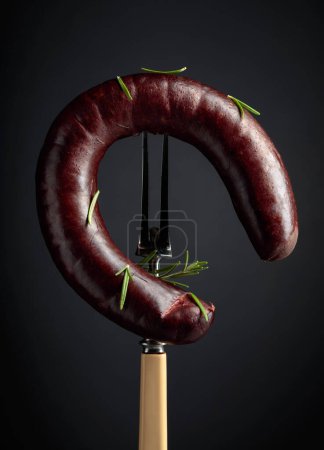 Téléchargez les photos : Pouding noir ou saucisse de sang avec romarin sur une fourchette. - en image libre de droit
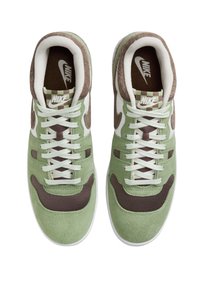 Pár zelených, hnědých a bílých tenisek Nike s bílými tkaničkami, kostkovaným detaily na jazyku a logem Nike na vnitřních solech a jazycích.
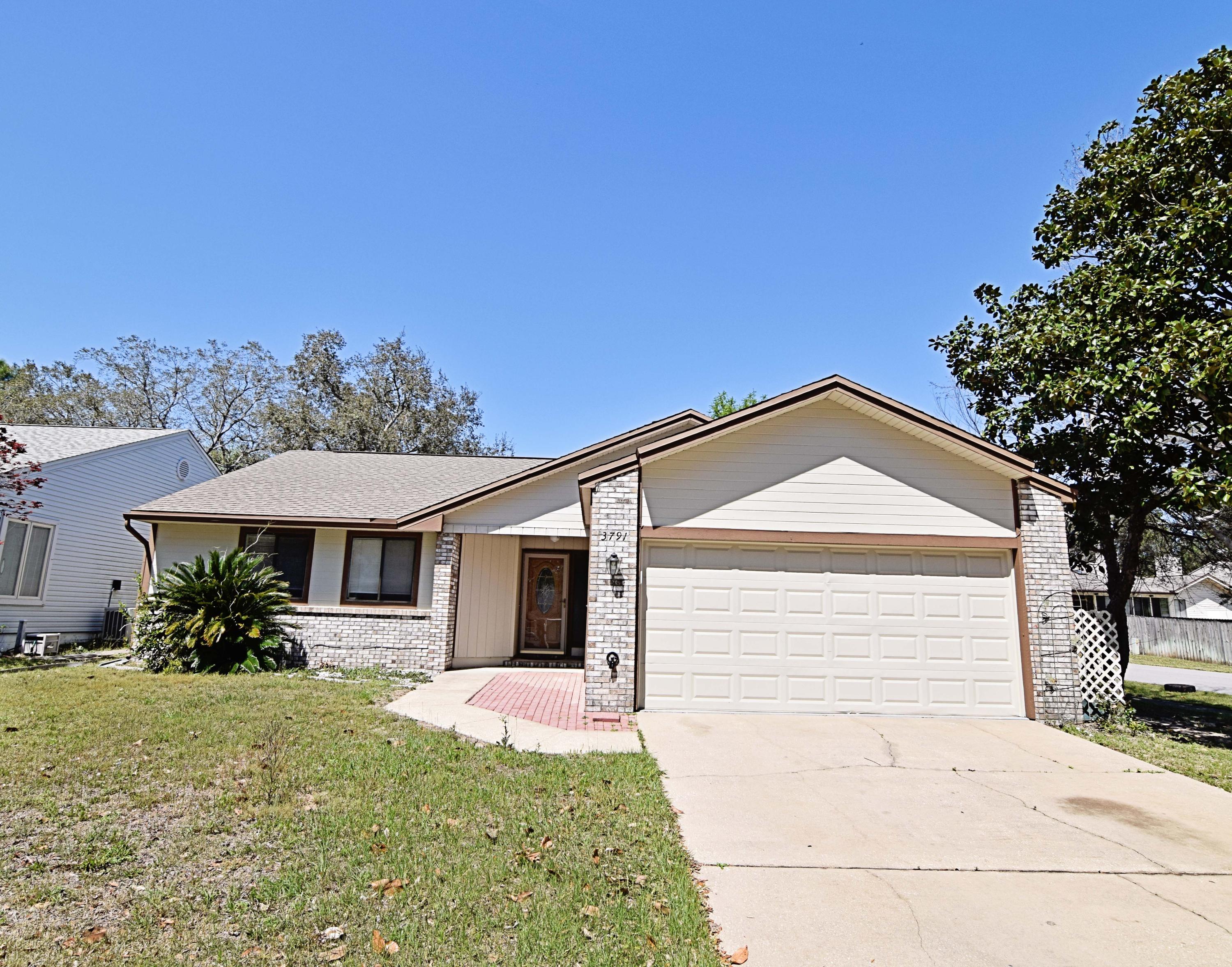 This home in is move in condition and ready for the next family!You will enjoy the large living room with the high vaulted ceiling and the beautiful brick fireplace, roomy enough for very large furniture. Open to the huge heated, cooled and tiled sunroom as well as the dining area, this home feels larger than the square footage shows. The kitchen is a cook's dream with fresh paint and granite and a beautiful backsplash. Newer stainless steel appliances include a 5 burner gas stovetop, oven, refrigerator and microwave. The master bedroom has a private bath and walk in closet. The additional 2 bedrooms share the hall bath. All bedrooms feature brand new carpeting. Stepping out of the sunroom to the outdoors, you will see the large patio perfect for summer grilling and entertaining.The fenced backyard is just the right size for kids and pets to play. All of this plus a 2 car garage and an extremely short commute to Eglin, this home won"t last long! Close to shopping, restaurants and the beautiful area beaches, please call to see this home today!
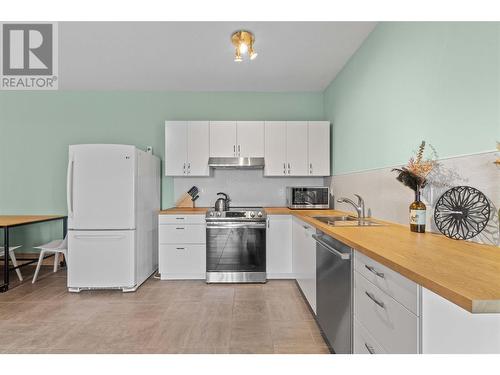 4519 June Springs Road, Kelowna, BC - Indoor Photo Showing Kitchen With Double Sink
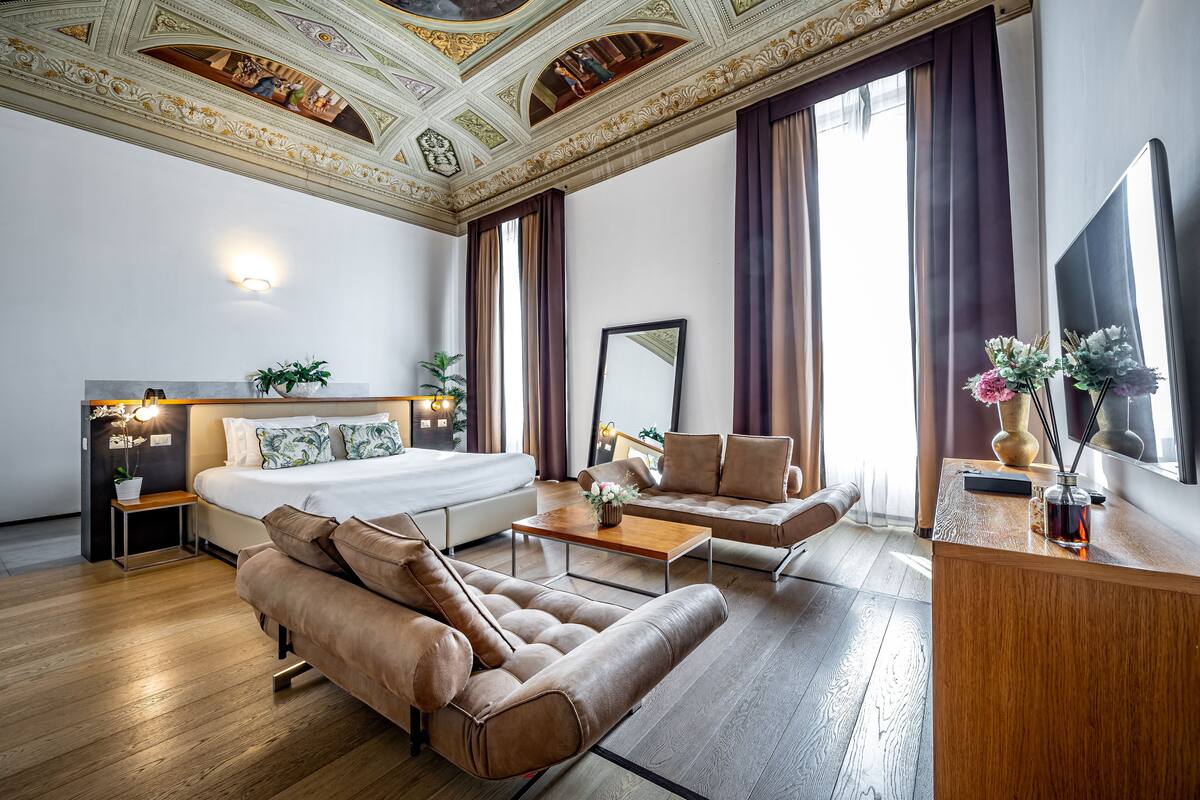 Una camera d'albergo moderna con un letto grande, un divano, un tavolino e una scrivania con uno specchio.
++++
Repeat the entries verbatim; no pictures.

• _Solved exercise_
 Téléchargez les photos : Pouding noir ou saucisse de sang avec romarin sur une fourchette. - en image libre de droit
 Pár zelených, hnědých a bílých tenisek Nike s bílými tkaničkami, kostkovaným detaily na jazyku a logem Nike na vnitřních solech a jazycích.
 This home in is move in condition and ready for the next family!You will enjoy the large living room with the high vaulted ceiling and the beautiful brick fireplace, roomy enough for very large furniture. Open to the huge heated, cooled and tiled sunroom as well as the dining area, this home feels larger than the square footage shows. The kitchen is a cook's dream with fresh paint and granite and a beautiful backsplash. Newer stainless steel appliances include a 5 burner gas stovetop, oven, refrigerator and microwave. The master bedroom has a private bath and walk in closet. The additional 2 bedrooms share the hall bath. All bedrooms feature brand new carpeting. Stepping out of the sunroom to the outdoors, you will see the large patio perfect for summer grilling and entertaining.The fenced backyard is just the right size for kids and pets to play. All of this plus a 2 car garage and an extremely short commute to Eglin, this home won"t last long! Close to shopping, restaurants and the beautiful area beaches, please call to see this home today!
 4519 June Springs Road, Kelowna, BC - Indoor Photo Showing Kitchen With Double Sink
 Una camera d'albergo moderna con un letto grande, un divano, un tavolino e una scrivania con uno specchio.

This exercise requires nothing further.